** Given data follows **
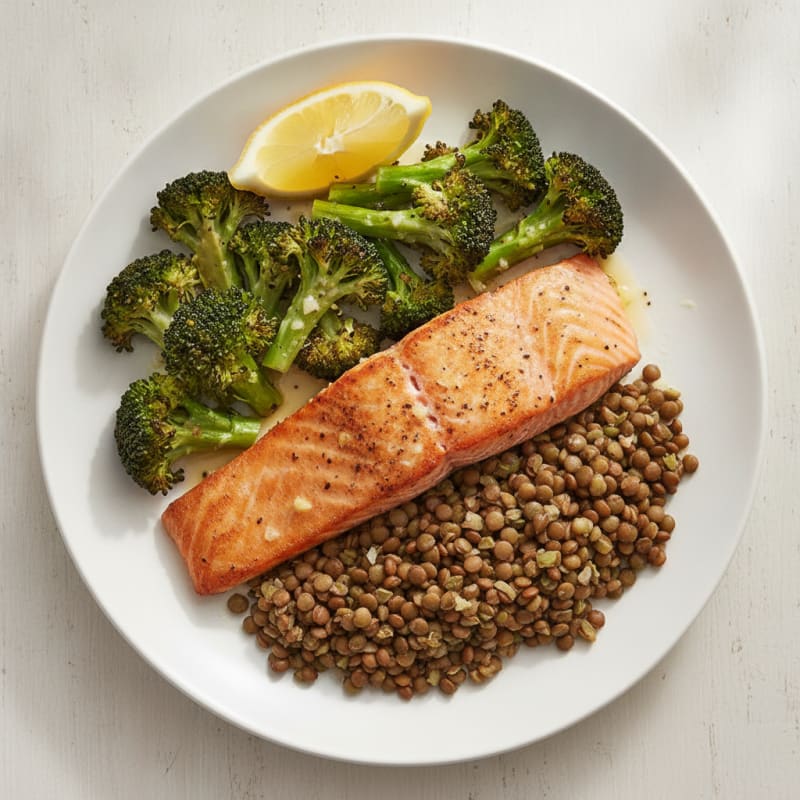 Seared Salmon Fillet with Roasted Broccoli and Lentils
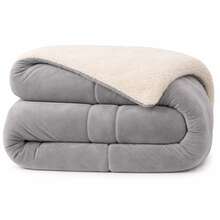 Sherpa Comforter, Blanket, And Comforter, Queen Size, Thick, Various Colors - Gris - Ver 2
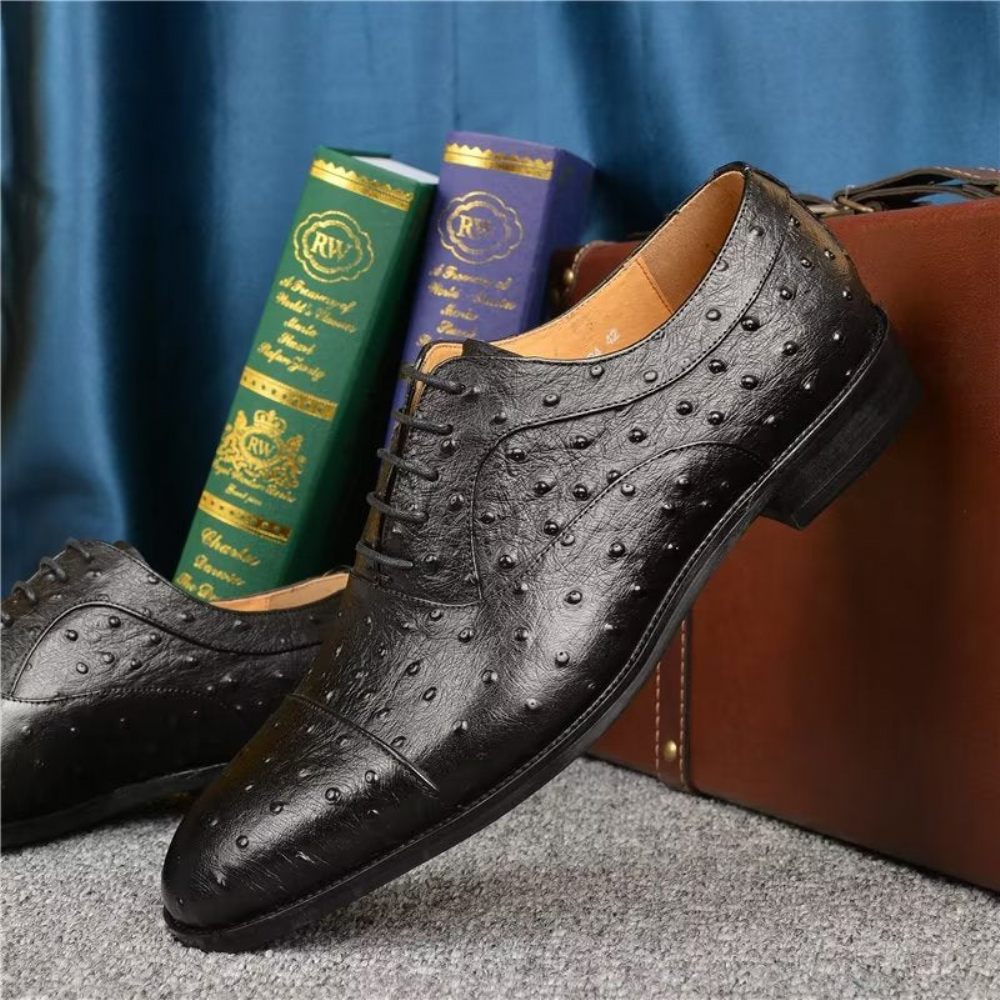 Chaussures Formelles Pour Hommes Habillées Oxford Sophistiquées À Motif Exotique - Noir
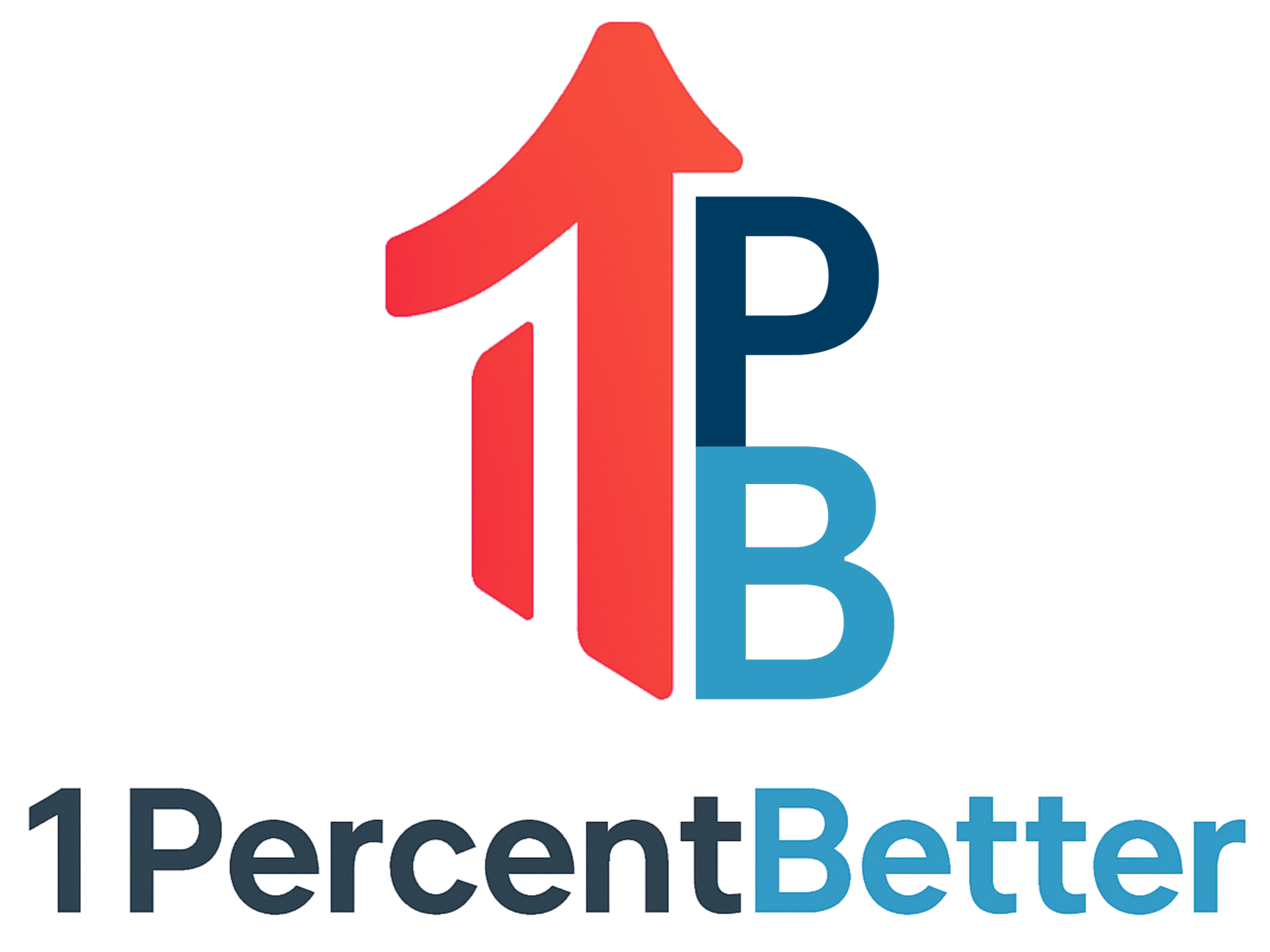 Red upward arrow with 1P inside, and the words '1 Percent Better' below.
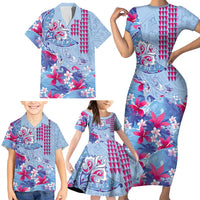 Hawaiian Tribal Manta Ray Family Matching Short Sleeve Bodycon Dress and Hawaiian Shirt Kakau Tattoo and Flowers Surfing Waves Pattern Soft Color LT03 - Polynesian Pride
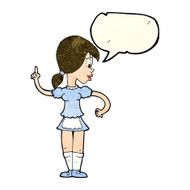cartoon waitress calling order with speech bubble N4
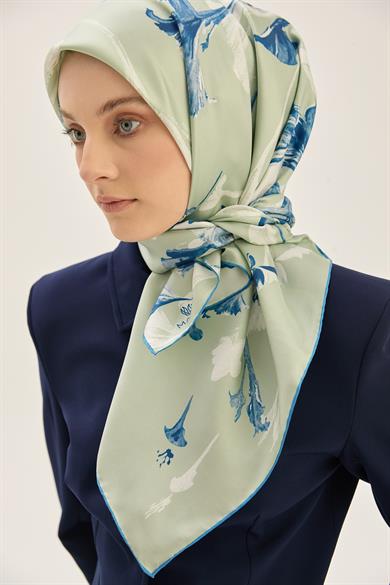 EFLİN TİVİL İPEK EŞARP 90*90 CM - MAVİ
** End of Given data **
• **Work instructions**: The answer is the lines above, word for word, from the first one through the one containing "Red upward arrow"; it includes no pictures.

• **Response to this task**:
 Seared Salmon Fillet with Roasted Broccoli and Lentils
 Sherpa Comforter, Blanket, And Comforter, Queen Size, Thick, Various Colors - Gris - Ver 2
 Chaussures Formelles Pour Hommes Habillées Oxford Sophistiquées À Motif Exotique - Noir
 Red upward arrow with 1P inside, and the words '1 Percent Better' below.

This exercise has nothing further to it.